Lincoln's initial program stated that he would not interfere with slavery where it existed. In this sense the North was in effect "fighting for slavery". At the start of the war the North under the Lincoln administration held that secession was illegal and that quelling the rebellion was the sole issue. Abolitionist Horace Greeley of the New York Tribune initially agreed that this position was of paramount importance. Lincoln had no desire to alienate the border states which had large slave populations. Only as the war ground on did it become politically expedient to espouse the cause of emancipation and the movement gained momentum. A case could be made that the issue of slavery arose over its extension into the territories and not in its existence in the states themselves. Many educated people in the South thought that slavery was wrong and knew that its demise was coming. The Southern farmer had no love for the wealthy planter class and to contend that the former fought to sustain the latter's position is sophomoric. Once the bear of slavery had been embraced the South would have a very difficult time ridding itself of its embrace. The effects of a sudden end to the "peculiar institution" were frightening to most southerners who feared being inundated by former slaves with little knowledge of how to support themselves. It was very easy to live elsewhere and espouse a freeing of the slaves but very hard to live in the South and be surrounded by prospects of the resultant social collapse. As the war was nearing its end a number of Northern jurisdictions passed laws that stated in effect that it was fine to have a freed population but be free somewhere else. THEY did not want to be inundated by a mass exodus of freed men from the South.
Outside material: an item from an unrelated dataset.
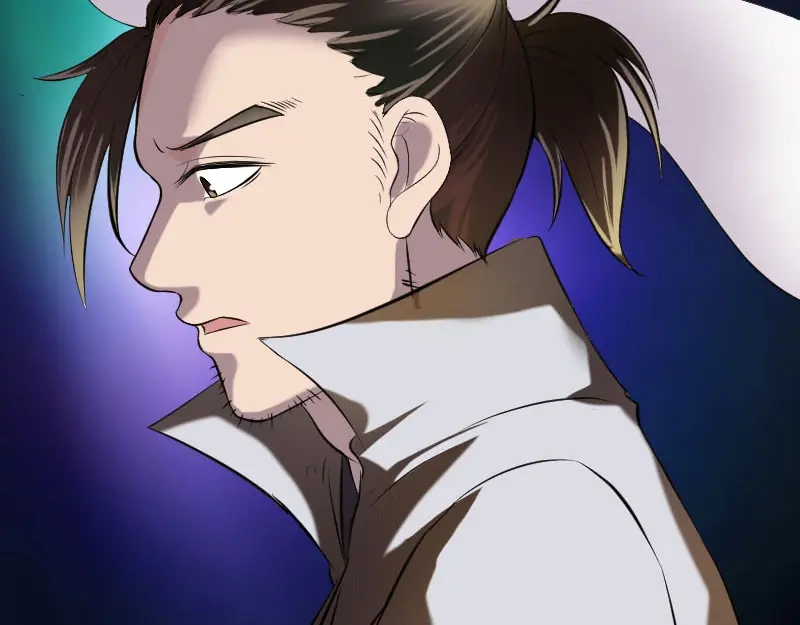 《易人奇录》第184话 谷中往事 第66页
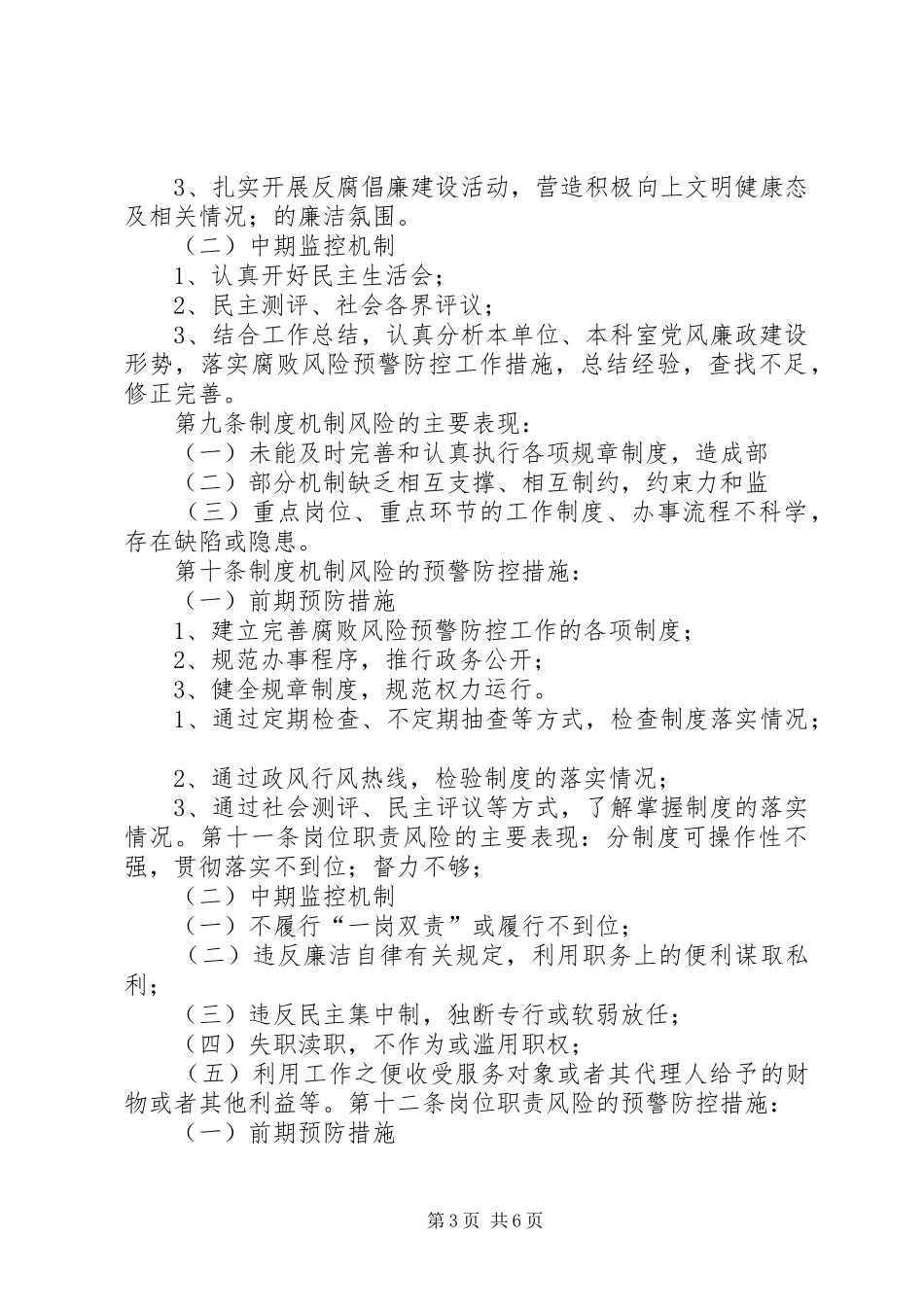 2024年市水务局腐败风险预警防控工作实施细则_第3页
Many more slaves were imported into South America and often treated less humanely than in the United States. Yet one does not hear the furor there that is generated here. The Arab slave trade in Africa and the Middle East was extensive yet once again one hears little if anything about it. The Spaniards and Portuguese at the height of their power were notorious for their treatment of slaves. It seems that only the Americans are held to a standard of "collective guilt" that does not exist. Many indentured servants were in a form of servitude little better than slavery. The NORTH was changing and becoming capitalist, the South remained largely in its traditional agricultural position.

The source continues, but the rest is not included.